Right now, any relay with more than ~100Mbit of capacity really needs to run an additional tor relay instance on that link to make use of it. If they have AES-NI, this might go up to 300Mbit.
Each of these additional instances is basically wasted directory bytes for those relay descriptors.
But with proper multicore support, such high capacity relays could run only one relay instance on links as fast as 2.5Gbit (assuming an 8 core AES-NI machine).
Result: 2-8X reduction in consensus and directory size, depending on the the number of high capacity relays on multicore systems we have.
2. Cut off relays below the median capacity, and turn them into bridges.
Relays in the top 10% of the network are 164 times faster than relays in the 50-60% range, 1400 times faster than relays in the 70-80% range, and 35000 times faster than relays in the 90-100% range.
In fact, many relays are so slow that they provide less bytes to the network than it costs to tell all of our users about them. There should be a sweet spot where we can set this cutoff such that the overhead from directory activity balances the loss of capacity from these relays, as a function of userbase size.
Result: ~2X reduction in consensus and directory size.
3. Switching to ECC keys only.
We're wasting a lot of directory traffic on uncompressible RSA1024 keys, which are 4X larger than ECC keys, and less secure. Right now, were also listing both. When we finally remove RSA1024 entirely, the directory should get quite a bit smaller.
Result: ~2-4X reduction in consensus and directory size.
4. Consensus diffs.
With proposal 140, we can save 60% of the directory activity if we send diffs of the consensus for regularly connecting clients. Calculating the benefit from this is complicated, since if clients leave the network for just 16 hours, there is very little benefit to this optimization. These numbers are highly dependent on churn though, and it may be that by removing most of the slow junk relays, there is actually less churn in the network, and smaller diffs: https://gitweb.torproject.org/torspec.git/blob/HEAD:/proposals/140-consensus...
Let's just ballpark it at 50% for the typical case.
Result: 2X reduction in directory size.
5. Invest in the Tor network.
Based purely on extrapolating from the Noisebridge relays, we could add ~300 relays, and double the network capacity for $3M/yr, or about $1 per user per year (based on the user counts from: https://metrics.torproject.org/users.html).
Note that this value should be treated as a minimum estimate. We actually want to ensure diversity as we grow the network, which may make this number higher.
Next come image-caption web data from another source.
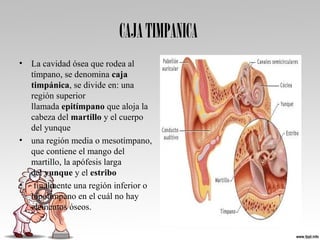 CAJATIMPANICA
• La cavidad ósea que rodea al 
tímpano, se denomina caja
timpánica, se divide en: una 
región superior 
llamada epitímpano que aloja la 
cabeza del martillo y el cuerpo 
del yunque
• una región media o mesotímpano, 
que contiene el mango del 
martillo, la apófesis larga 
del yunque y el estribo 
•  finalmente una región inferior o 
hipotímpano en el cuál no hay 
elementos óseos.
I am working on better estimates using replies from: https://lists.torproject.org/pipermail/tor-relays/2014-September/005335.html
Automated donation/funding distribution mechanisms such as https://www.oniontip.com/ are especially interesting ways to do this (and can even automatically enforce our diversity goals) but more traditional partnerships are also possible.
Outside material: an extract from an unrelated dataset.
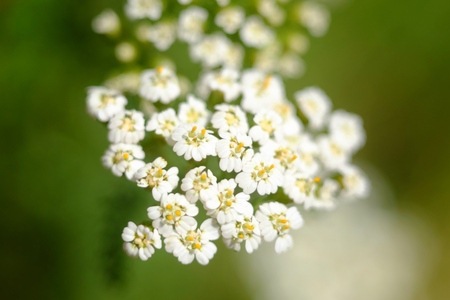 White flowers macro flowers, background black closeupの写真素材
Result: 100% capacity increase for each O($3M/yr), or ~$1 per new user per year.
So if we chain #1-4 all together, using the low estimates, we should be able to reduce directory size by at least 2*2*2*2 or 8X.
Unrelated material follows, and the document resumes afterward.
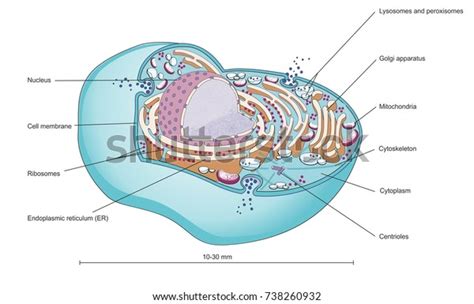 Ilustrasi Stok Structure Mammalian Cell Cellular Organelles Inside 738260932 | Shutterstock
Going back to the f=D*U/B formula, this means that we should be able to add capacity to support 8X more users, while *still* maintaining our 2% directory overhead percentage. This would be 2.5M users * 8, or 20M directly connecting users.
If we were willing to tolerate 10% directory overhead this would allow for 5 times as many users. In other words, 100M daily connecting users.
We would still need to find some way to fund the growth of the network to support this 40X increase, but there are no actual *technical* reasons why it cannot be done.